> MATERIAL PROVIDED:
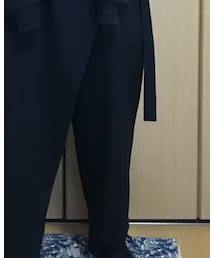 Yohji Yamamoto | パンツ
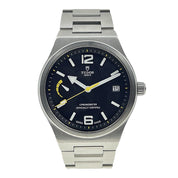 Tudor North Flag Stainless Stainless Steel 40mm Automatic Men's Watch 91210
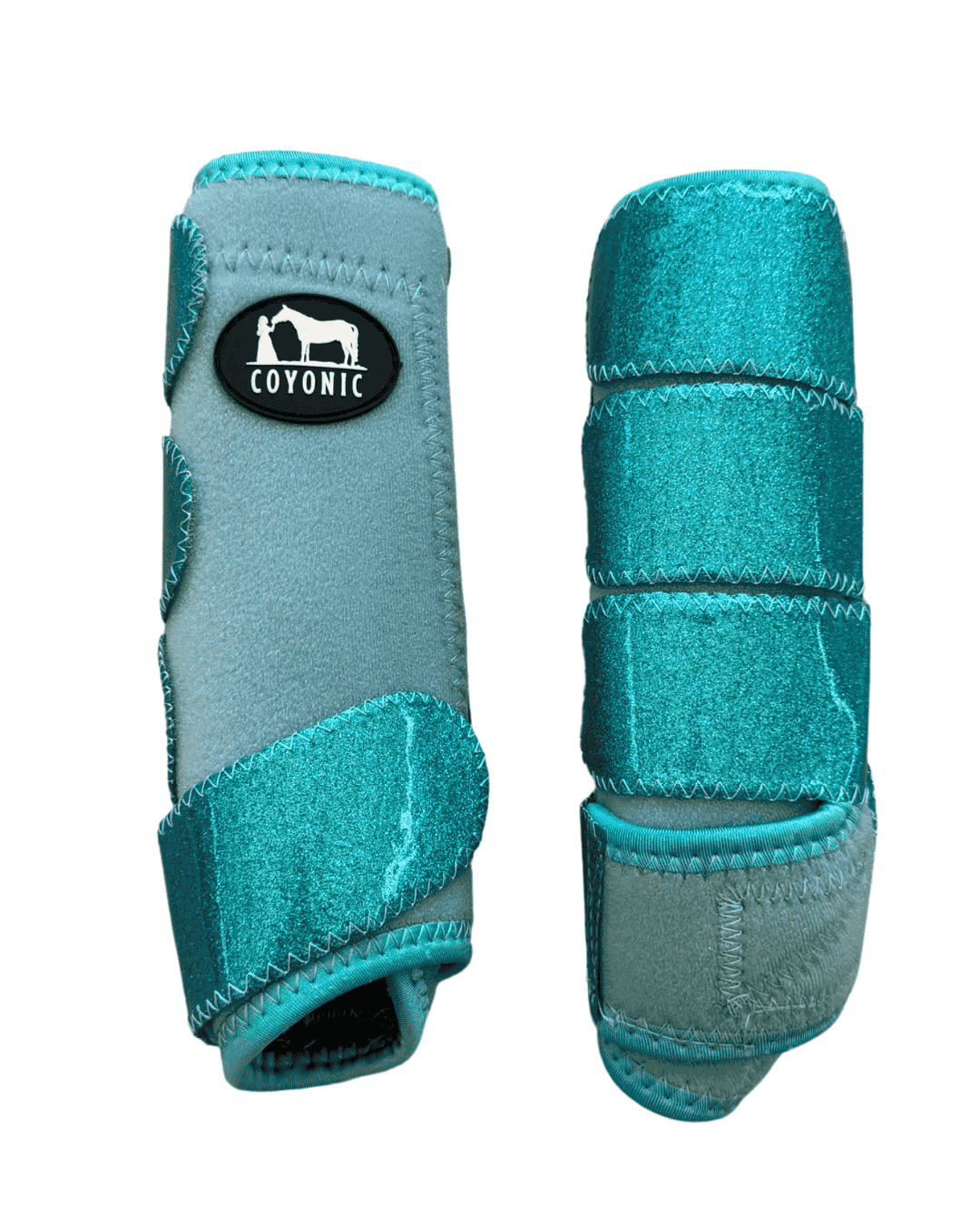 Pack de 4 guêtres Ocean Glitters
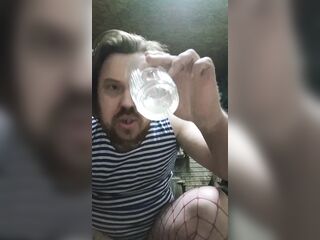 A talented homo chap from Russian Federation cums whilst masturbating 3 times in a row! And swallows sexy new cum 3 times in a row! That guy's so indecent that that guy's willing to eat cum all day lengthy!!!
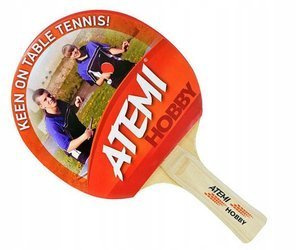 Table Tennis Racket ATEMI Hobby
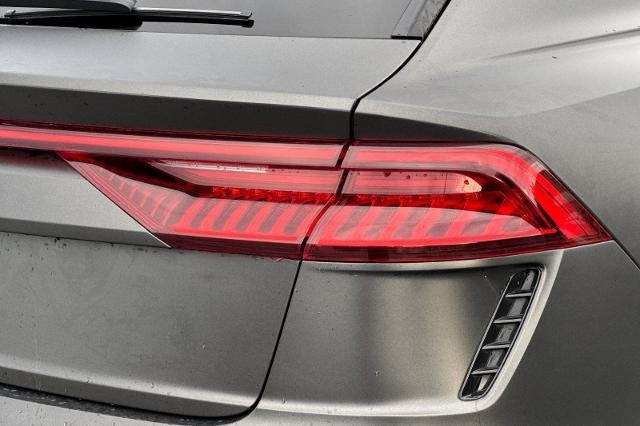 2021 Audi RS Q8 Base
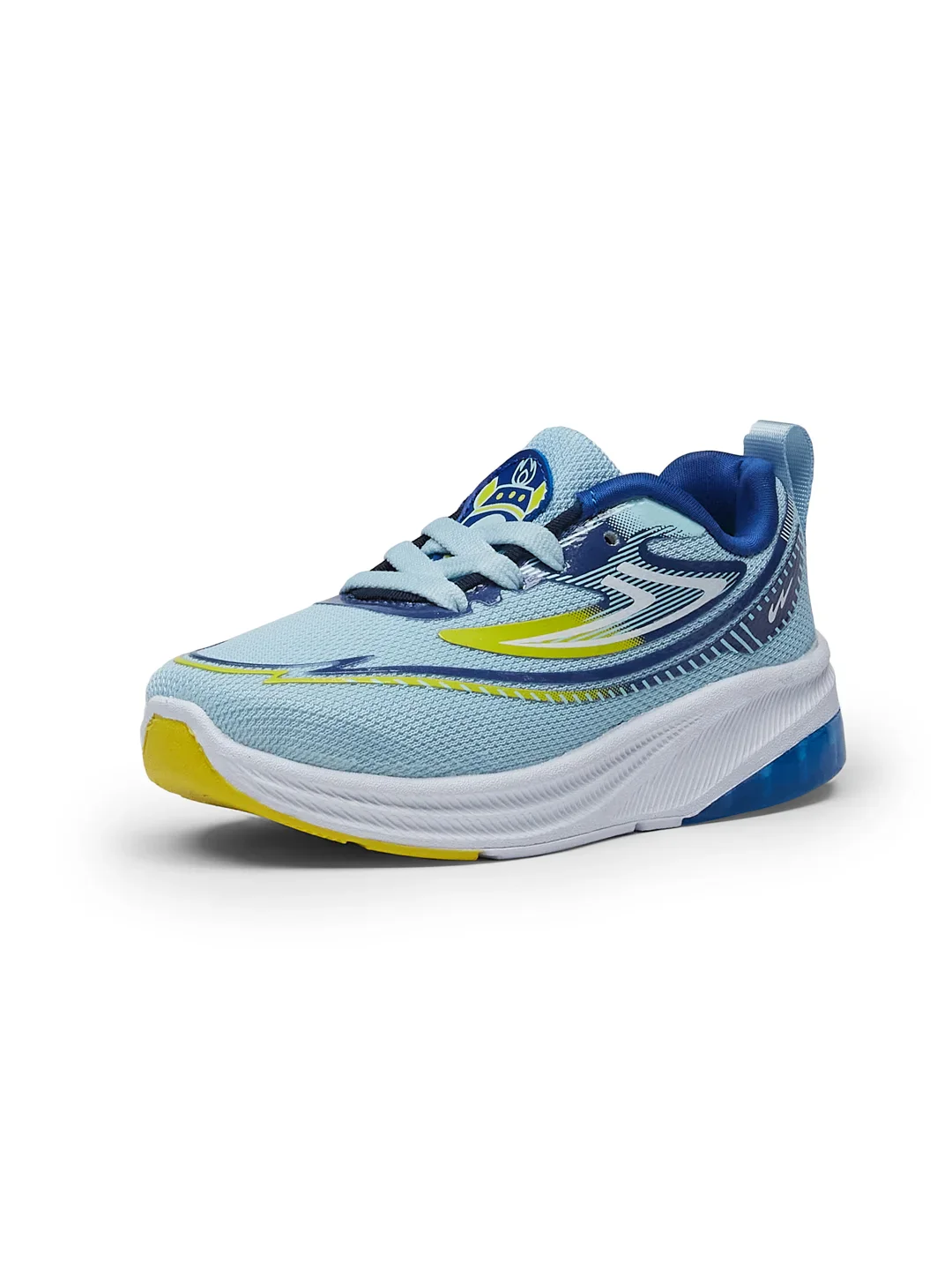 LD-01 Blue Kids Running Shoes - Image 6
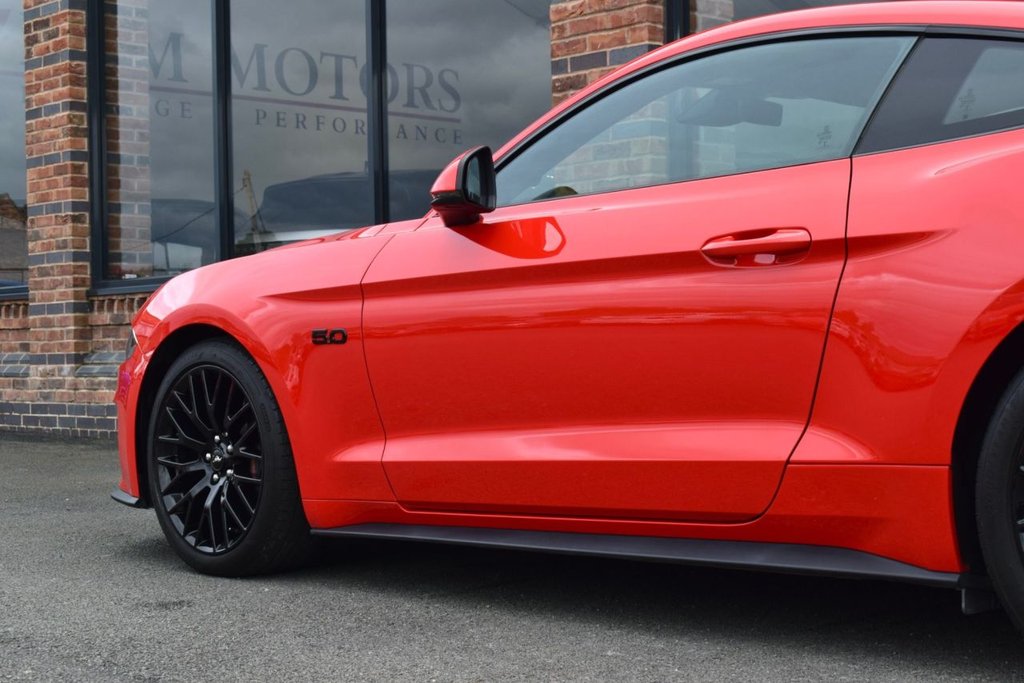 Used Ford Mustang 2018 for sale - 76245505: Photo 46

* * *

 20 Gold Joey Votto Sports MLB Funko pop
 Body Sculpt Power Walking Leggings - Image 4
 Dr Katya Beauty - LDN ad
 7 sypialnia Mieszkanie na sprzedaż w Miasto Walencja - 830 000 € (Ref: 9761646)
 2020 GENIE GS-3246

---

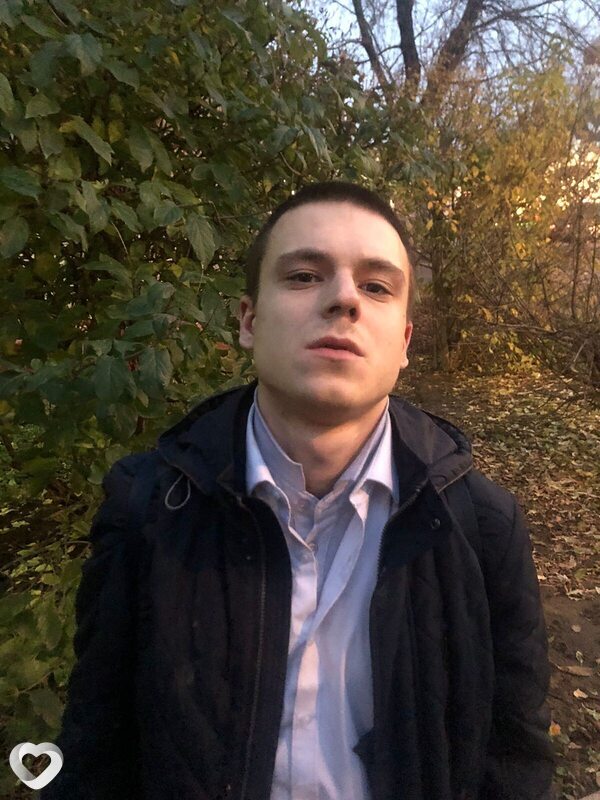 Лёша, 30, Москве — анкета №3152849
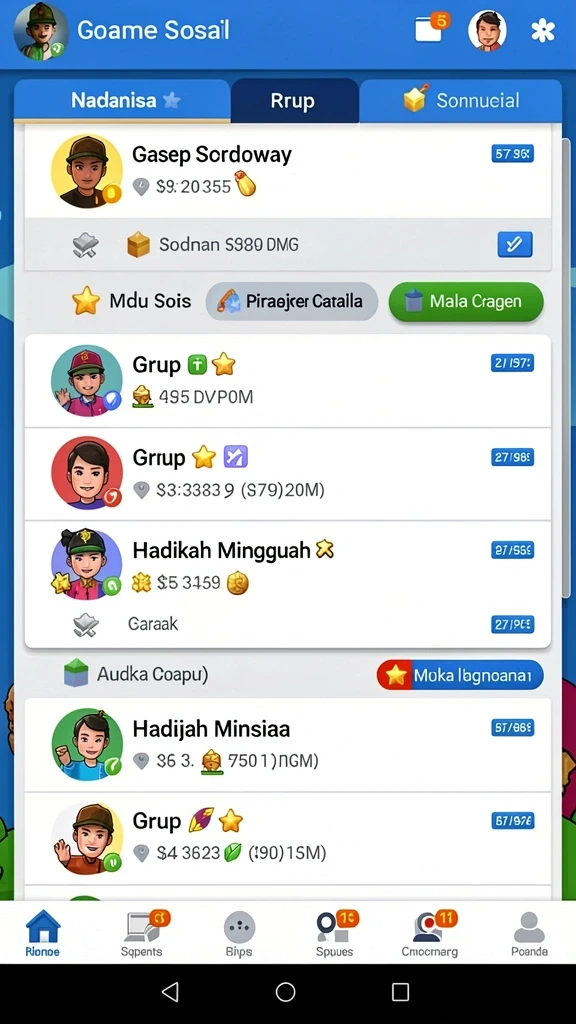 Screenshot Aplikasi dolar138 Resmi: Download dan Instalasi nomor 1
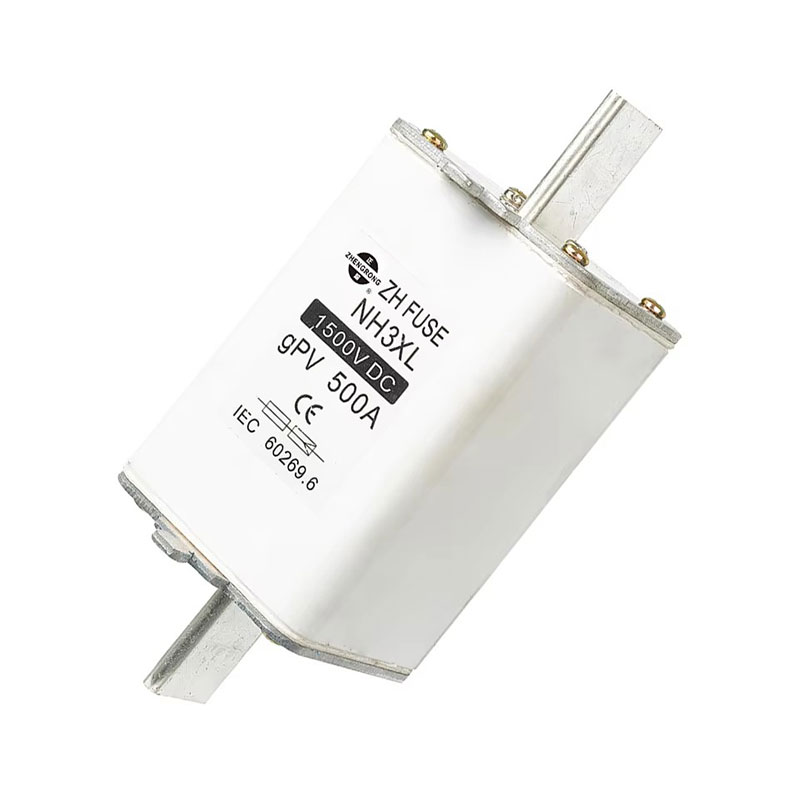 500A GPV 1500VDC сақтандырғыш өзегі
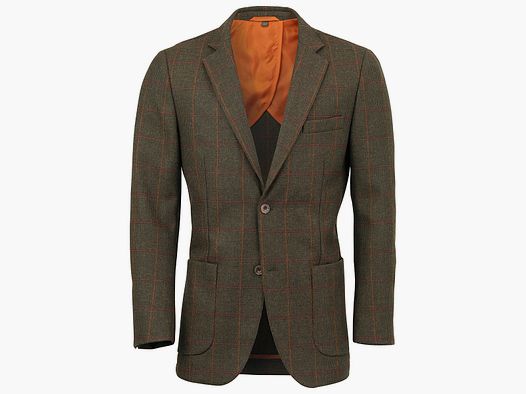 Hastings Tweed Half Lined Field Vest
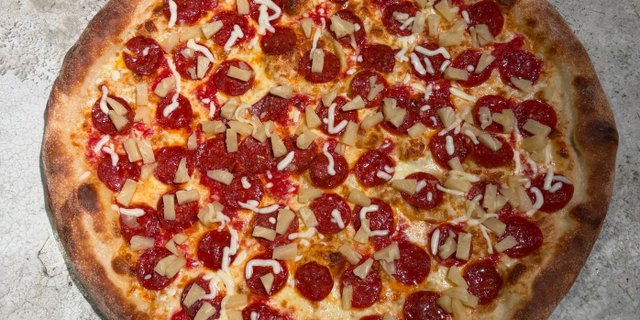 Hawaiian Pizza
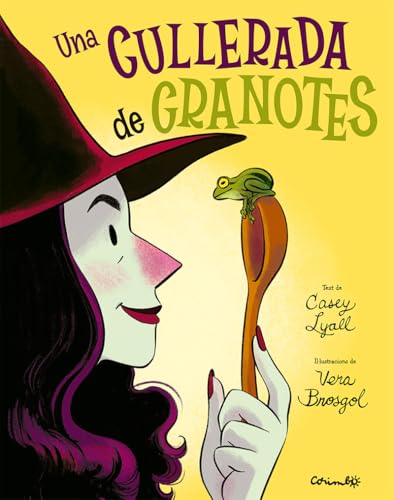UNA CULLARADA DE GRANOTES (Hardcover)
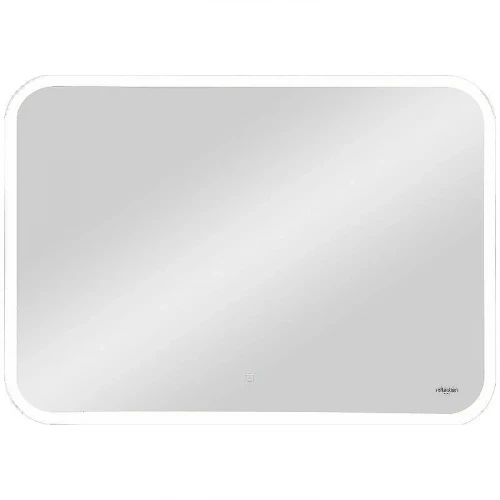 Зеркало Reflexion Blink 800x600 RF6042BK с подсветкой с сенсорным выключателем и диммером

> TASK STATEMENT:
Your answer should be the lines above, word for word, from the line with "Yohji Yamamoto | パンツ" through the line with "Pack de 4 guêtres Ocean Glitters", minus the pictures.

> ANSWER TO THIS PROBLEM:
 Yohji Yamamoto | パンツ
 Tudor North Flag Stainless Stainless Steel 40mm Automatic Men's Watch 91210
 Pack de 4 guêtres Ocean Glitters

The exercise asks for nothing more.